- **THE INPUT**
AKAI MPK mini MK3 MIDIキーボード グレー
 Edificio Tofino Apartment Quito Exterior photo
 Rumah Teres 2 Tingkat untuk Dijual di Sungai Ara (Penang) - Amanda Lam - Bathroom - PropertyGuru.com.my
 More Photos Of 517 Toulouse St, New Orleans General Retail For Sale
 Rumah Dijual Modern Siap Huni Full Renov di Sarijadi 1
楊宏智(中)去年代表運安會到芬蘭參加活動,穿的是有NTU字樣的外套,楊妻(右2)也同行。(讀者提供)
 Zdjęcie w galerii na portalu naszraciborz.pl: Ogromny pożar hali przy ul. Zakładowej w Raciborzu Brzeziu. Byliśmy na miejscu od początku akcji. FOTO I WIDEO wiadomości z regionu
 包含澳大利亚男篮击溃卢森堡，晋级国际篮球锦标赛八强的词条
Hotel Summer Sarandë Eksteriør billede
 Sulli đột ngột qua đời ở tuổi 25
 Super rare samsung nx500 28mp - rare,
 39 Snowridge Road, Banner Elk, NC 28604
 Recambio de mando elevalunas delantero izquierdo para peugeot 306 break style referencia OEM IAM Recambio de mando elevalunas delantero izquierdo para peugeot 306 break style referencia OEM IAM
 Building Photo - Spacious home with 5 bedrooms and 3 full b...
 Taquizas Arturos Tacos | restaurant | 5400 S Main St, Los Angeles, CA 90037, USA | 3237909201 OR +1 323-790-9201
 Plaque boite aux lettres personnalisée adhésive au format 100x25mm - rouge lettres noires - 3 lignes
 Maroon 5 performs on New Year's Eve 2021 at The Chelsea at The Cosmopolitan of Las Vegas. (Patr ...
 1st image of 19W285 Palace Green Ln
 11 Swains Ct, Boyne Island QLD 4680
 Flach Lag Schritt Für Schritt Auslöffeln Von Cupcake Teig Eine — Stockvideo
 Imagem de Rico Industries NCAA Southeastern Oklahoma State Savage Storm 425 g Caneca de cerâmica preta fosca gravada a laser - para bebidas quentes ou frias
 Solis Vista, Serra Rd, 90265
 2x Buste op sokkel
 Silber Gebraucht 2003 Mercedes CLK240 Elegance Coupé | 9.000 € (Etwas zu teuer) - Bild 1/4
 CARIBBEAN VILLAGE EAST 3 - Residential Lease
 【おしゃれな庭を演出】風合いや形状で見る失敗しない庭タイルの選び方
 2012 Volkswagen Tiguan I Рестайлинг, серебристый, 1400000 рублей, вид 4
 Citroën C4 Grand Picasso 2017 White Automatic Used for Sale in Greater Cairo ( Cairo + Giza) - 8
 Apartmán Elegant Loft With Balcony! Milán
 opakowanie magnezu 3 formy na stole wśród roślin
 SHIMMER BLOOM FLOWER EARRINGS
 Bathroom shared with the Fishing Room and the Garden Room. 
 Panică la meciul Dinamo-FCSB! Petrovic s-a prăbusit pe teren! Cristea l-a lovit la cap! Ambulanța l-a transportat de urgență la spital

- **PROBLEM TO SOLVE**
Within the listing above, give again exactly every line from the line with "楊宏智(中)去年代表運安會到" through the line with "Flach Lag Schritt", both included, and no other line.

- **REPLY TO THE TASK**
楊宏智(中)去年代表運安會到芬蘭參加活動,穿的是有NTU字樣的外套,楊妻(右2)也同行。(讀者提供)
 Zdjęcie w galerii na portalu naszraciborz.pl: Ogromny pożar hali przy ul. Zakładowej w Raciborzu Brzeziu. Byliśmy na miejscu od początku akcji. FOTO I WIDEO wiadomości z regionu
 包含澳大利亚男篮击溃卢森堡，晋级国际篮球锦标赛八强的词条
Hotel Summer Sarandë Eksteriør billede
 Sulli đột ngột qua đời ở tuổi 25
 Super rare samsung nx500 28mp - rare,
 39 Snowridge Road, Banner Elk, NC 28604
 Recambio de mando elevalunas delantero izquierdo para peugeot 306 break style referencia OEM IAM Recambio de mando elevalunas delantero izquierdo para peugeot 306 break style referencia OEM IAM
 Building Photo - Spacious home with 5 bedrooms and 3 full b...
 Taquizas Arturos Tacos | restaurant | 5400 S Main St, Los Angeles, CA 90037, USA | 3237909201 OR +1 323-790-9201
 Plaque boite aux lettres personnalisée adhésive au format 100x25mm - rouge lettres noires - 3 lignes
 Maroon 5 performs on New Year's Eve 2021 at The Chelsea at The Cosmopolitan of Las Vegas. (Patr ...
 1st image of 19W285 Palace Green Ln
 11 Swains Ct, Boyne Island QLD 4680
 Flach Lag Schritt Für Schritt Auslöffeln Von Cupcake Teig Eine — Stockvideo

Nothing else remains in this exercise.